Now suppose we want to send a query that counts how many items have a given distinct value for the annotation shopping
. In JSON the query is simple:
{
"select": ["AnnotationValue.Value"],
"aggregations": [
{
"column": "InventoryItem",
"function": "Count"
}
],
"filters": [
{
"column": "AnnotationName.Name",
"operator": "=",
"value": "shopping"
}
]
}
But what if we want to group by two such annotation names? We want to display a column for math
, and then break that down further by shopping
. There seems to be no way to write such a query. In the select
we would be repeating AnnotationValue.Value
twice, and then in filters
we would be requiring AnnotationName.Name
to have two different values.
This can be solved by using the virtual tables trick: create virtual tables for all the annotation-related tables, with name suffixes 1, 2, 3... etc. as many as we think we'll ever need. That way we can write the query as:
{
"select": ["AnnotationValue1.Value", "AnnotationValue2.Value"],
"aggregations": [
{
"column": "InventoryItem",
"function": "Count"
}
],
"filters": [
{
"column": "AnnotationName1.Name",
"operator": "=",
"value": "math"
},
{
"column": "AnnotationName2.Name",
"operator": "=",
"value": "shopping"
}
]
}
So this has given us a way to connect the two different filters to the two different values being selected. It works, but it's clunky. First, we can't just extend the real tables, as two of the virtual tables need different FKs:
AnnotationValue5:
id:
Id: [int]
columns:
AnnotationNameId: [AnnotationName5]
Value: [string]
InventoryItemAnnotation5:
columns:
InventoryItemId: [InventoryItem]
AnnotationValueId: [AnnotationValue5]
And second, we have to repeat this garbage N times, where N is some arbitrary limit we think will be sufficient for every query we'll need to do. Fortunately there's a better way. For all the tables that we want to virtualise, we can add the conjoint: true
property:
InventoryItem:
id:
Id: [int]
columns:
# ...
AnnotationName:
conjoint: true # <--- added
id:
Id: [int]
columns:
Name: [string]
AnnotationValue:
conjoint: true # <--- added
id:
Id: [int]
columns:
AnnotationNameId: [AnnotationName]
Value: [string]
InventoryItemAnnotation:
conjoint: true # <--- added
columns:
InventoryItemId: [InventoryItem]
AnnotationValueId: [AnnotationValue]
This grants those tables auto-virtualization superpowers, allowing us to write the query as:
{
"select": ["AnnotationValue.Value@math", "AnnotationValue.Value@shopping"],
"aggregations": [
{
"column": "InventoryItem.Id",
"function": "Count"
}
],
"filters": [
{
"column": "AnnotationName.Name@math",
"operator": "=",
"value": "math"
},
{
"column": "AnnotationName.Name@shopping",
"operator": "=",
"value": "shopping"
}
]
}
Each place we refer to a conjoint table column, we append an identifier like @shopping
, in the same way that we were considering adding a suffix to the table name for a virtual table. We are effectively able to conjure up unlimited virtual tables that have the correct relationships whenever we need them in a query, without needing to repetitively declare them by hand in the schema.
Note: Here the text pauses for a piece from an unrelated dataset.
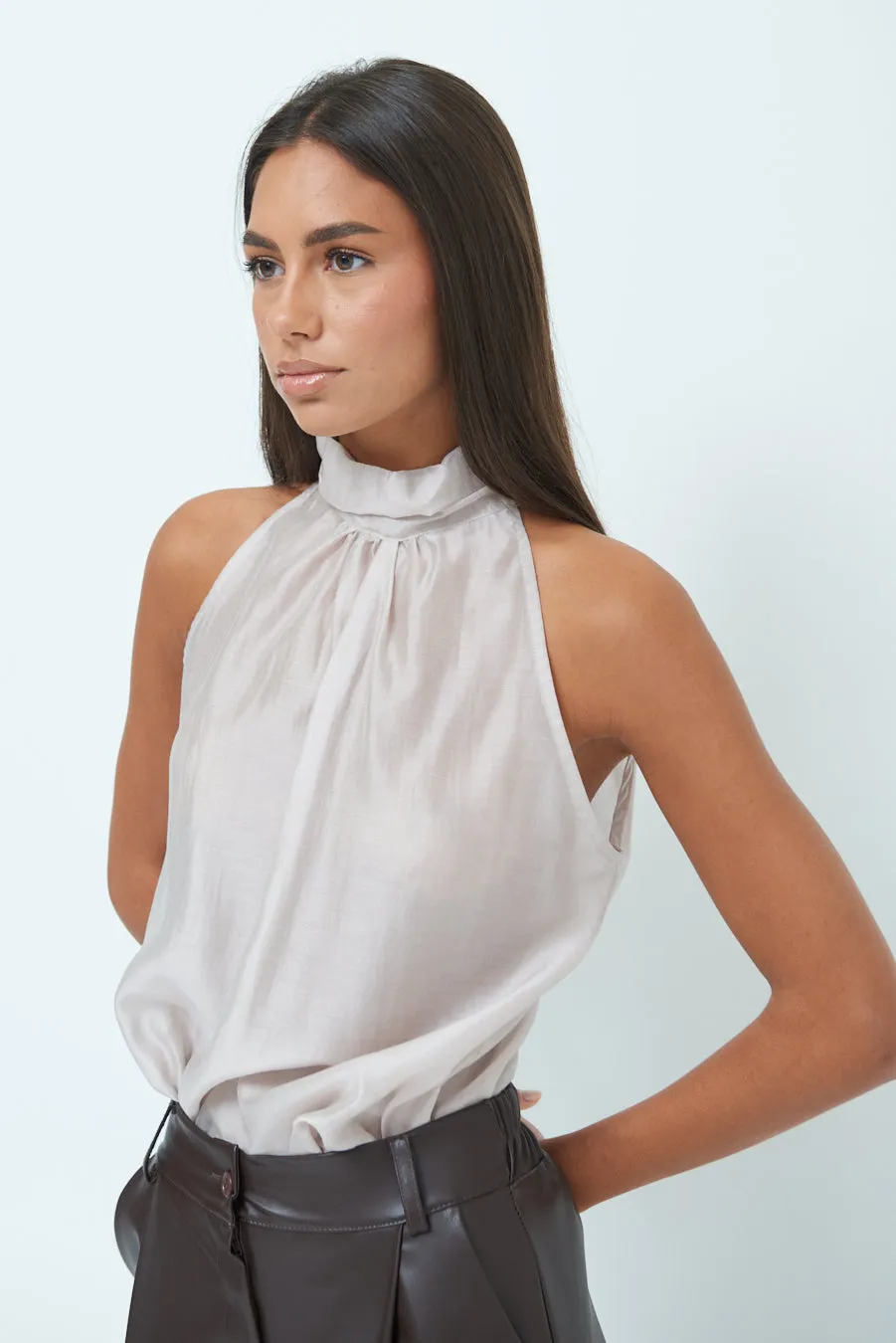 Halter neck blouse with ruched high collar wholesale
The suffix can be any string, with no limitations on special characters etc. because it never appears in the query, but FlowerBI behaves as if it were part of the table name. This makes automatic query generation easy, because you can incorporate values (like we've done here). Note that the @suffix
doesn't have to match any value. We could have used @x
and @y
. All that matters is that the suffixes match up between the select
and filters
where they are meant to be referring to the same "instance" of the the conjoint tables.